I am interested in the connection between the accounting debt departures made by Enron Corporation and the ability of publicly traded corporations to hide financial environmental debt from shareholders while violating the US Securities and Exchange Commission's (SEC) Regulation S-K mandating full transparency of environmental performance to national environmental regulations.
In 1998 a US federal government agency (the Environmental Protection Agency Office of Enforcement and Compliance Assurance (OECA) released a study reporting 74 percent of publicly-traded companies had failed to
adequately disclose the existence of environmental legal proceedings in their
10-K registration requirements as mandated by Securities and Exchange Commission
("SEC") Regulation S-K, Item 103.
A.M.Best 2001 actuary reports on the insurance industry's exposure to corporate financial environmental debt and liabilities states corporations Superfund and Aspestos toxic tort and cleanup claims alone are close to $300 billion.
The EPA feels these financial environmental accounting departures and violations of SEC regulations are rewarding companies who are not abiding by our nation's environmental regulations and hiding their environmental financial debt.
The EPA also feels the practice of hiding environmental debt is undermining the efforts to have law abiding firms gain credit in the financial market place.
In the last twenty years the SEC has only once prosecuted a firm for violating SEC Reg.S-K financial environmental accounting regulations.
As a result, the EPA OECA in January 2001 issued a guidance document advising regional offices when they should inform targets of EPA enforcement actions that enforcement proceeding may be a reportable legal proceeding under Item 103 of Regulation S-K.
(Please see attached references)
The director of the EPA OECA copied the guidance document statements with references to the 1998 report noting 74% of publicly traded companies are violationg SEC environmental accounting filing regulations to directors of the SEC.
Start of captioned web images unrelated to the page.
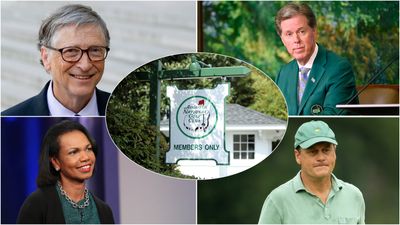 Who Are The Most Famous Augusta National Members?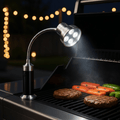 FLAMELITE – Compact magnetic grill light with ultra-strong brightness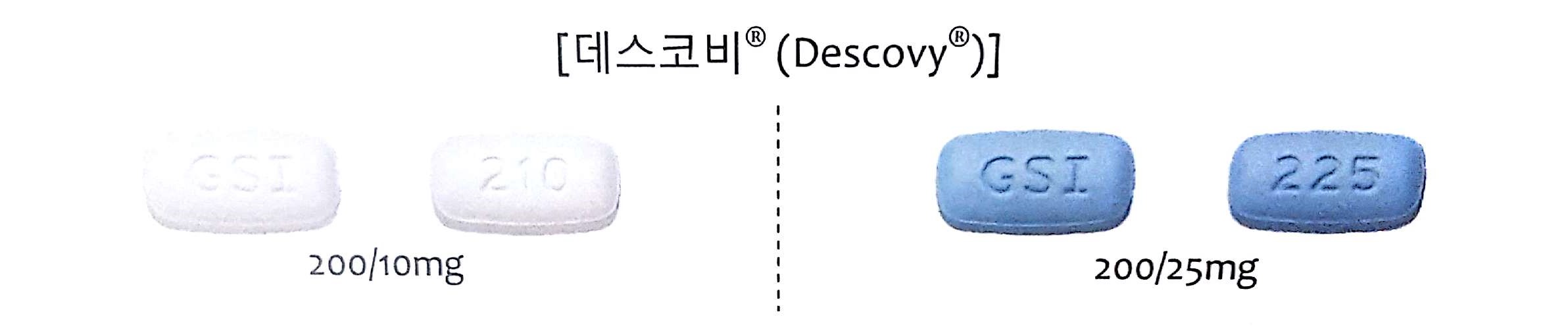 길리어드의 TAF 기반 백본 치료제 데스코비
A January 25,2002 letter I received from John M. Morrissey, SEC Deputy Chief Accountant, states "the Office of the Chief Accountant has not recently reviewed and is not in a position to comment on the Environmental Protection Agency study". Even though SEC directors were alerted to it by the EPA one year ago.
In wake of the recent Enron/Andersen accounting scandal exposing the inability of the current US accounting system to regulate itself and with no independent bodies overseeing enforcement of SEC regulations the EPA study results indicate Corporations are in charge of determining what financial environmental debt should be released to shareholders and the financial community and the SEC isn't enforcing its own regulations in the marketplace.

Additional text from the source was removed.